The siblings became lawyers — not doctors as they'd once dreamed
The sisters became even closer. "We relied on each other," Kayla said. "We came together with the decision to fight — and we did."
They decided to forgo their medical ambitions and attend law school. They had very similar GPAs when they graduated last year. They work at the same law firm and want to tackle complex defamation suits like their own.
"We did not want anyone to have to go through what we had been through, ever again," Kayla, now 31, said. "We switched paths so that we could at least try and ensure sure that people don't have to endure what we did."
The case took five years to come to trial in Charleston. The sisters' lawyer presented their records of education to the jury. They showed how they'd obtained identical or near-identical scores in the exams they'd taken in the past.
A professor at their college before law school wrote in their defense. He said in a letter that they'd submitted the exact same answers — some right, some wrong — for an exam that he'd supervised in 2012. They'd been sitting at opposite ends of the classroom, the professor wrote. He said it would have been impossible for them to collaborate.
Nancy Segal, a psychologist who specializes in behavioral genetics and the study of twins, testified in court. She said that she would only have been "surprised" if the sisters had "not ended up with the same scores."
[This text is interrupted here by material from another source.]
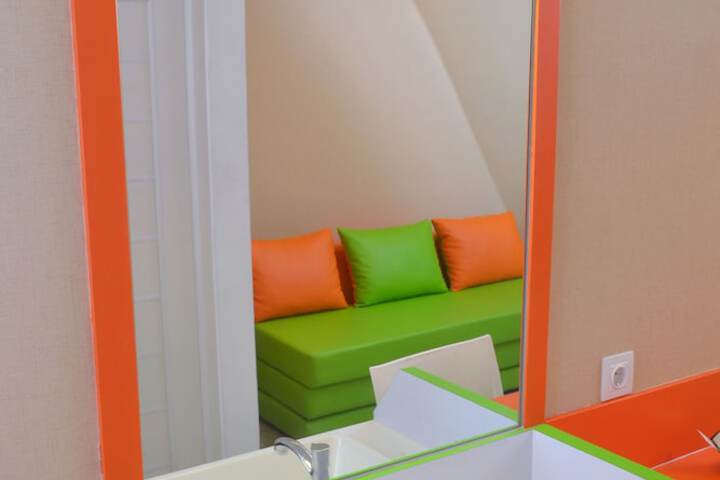 Room 32 of 57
The professor, who founded the Twin Studies Center at California State University, Fullerton, told the jury about the "very close intertwining" of twins. She said that cheating complaints against twins are "common" in academia.
"They are genetically predisposed to behave the same way," Segal said. "They've been raised the same and are natural partners in the same environment."
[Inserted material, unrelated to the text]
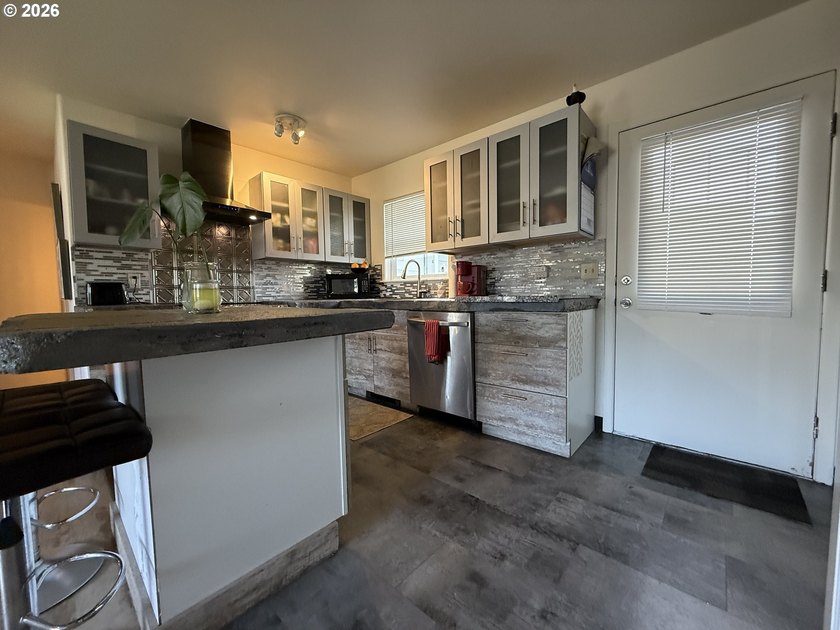 Beautiful duplex opportunity offering flexibility for both - photo 12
She told Insider that twins — particularly identical twins — are likely to have similar tastes, talents, social preferences, and academic achievements.
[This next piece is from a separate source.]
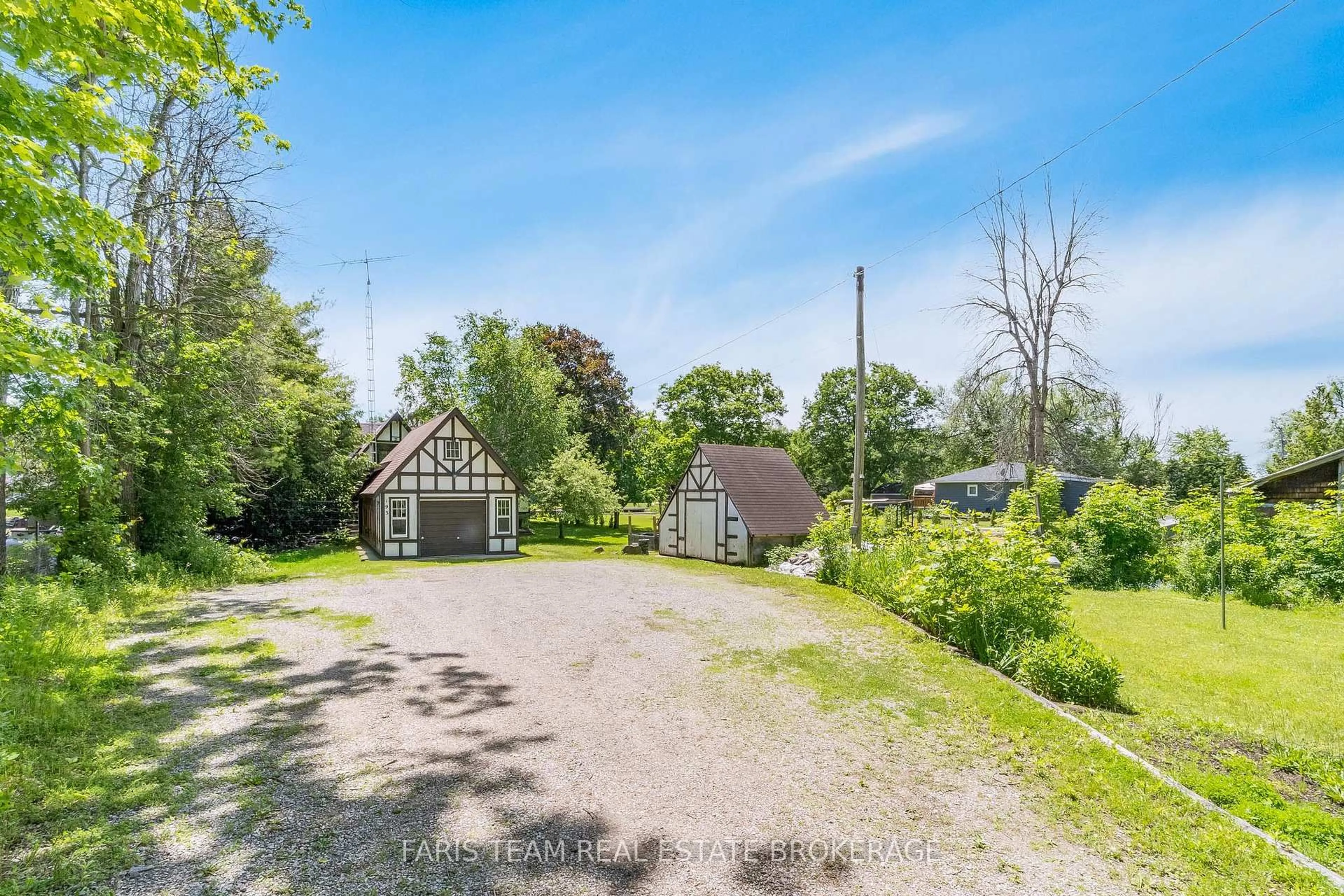 A pic from outside/outdoor area/front of a property/back of a property/a pic from drone, water/lake/river/ocean view for 193 Gouett St, Tay Ontario L0K 2C0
"Identical twins just have this kind of understanding that goes beyond what we typically think of as a close relationship," Segal, who has written books about the subject, said. She noted that MUSC hadn't considered "the impact of the corresponding genetic profiles" when they accused the twins of cheating.
Kayla said that she held Kellie's hand when the verdict came in. "It was the biggest moment of our lives," Kayla said of their vindication. "We've been living with this for six years and we've finally had everything restored to us."